В революции Пастернака пленяет порыв к свету, к справедливости, к правде. Политическая фразеология его нисколько не интересует.

Таково же его впечатление о Ленине. Он искренно признается, что в тот единственный раз, когда он видел Ленина на трибуне, он не очень вслушивался в то, о чем Ленин говорил: «Слова могли быть о мазуте». Его, однако, покоряет революционный порыв, порыв к свету, к освобождению:

«Он был как выпад на рапире. Гонясь за высказанным вслед, Он гнул свое, пиджак топыря И пяля передки штиблет. Слова могли быть о мазуте, Но корпуса его изгиб Дышал полетом голой сути, Прорвавшей глупый слой лузги.
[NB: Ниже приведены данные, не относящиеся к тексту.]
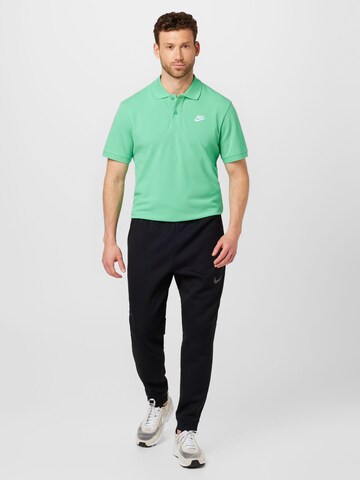 Nike Sportswear Regular fit Μπλουζάκι σε πράσινο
И эта голая картавость Отчитывалась вслух во всем, Что кровью былей начерталось: Он был их звуковым лицом».

Оканчивается отрывок, посвященный изображению Ленина, довольно странным комплиментом:

«Какое крытое сцепленье Соединяет с годом год! Предвестьем льгот приходит гений И гнетом мстит за свой уход».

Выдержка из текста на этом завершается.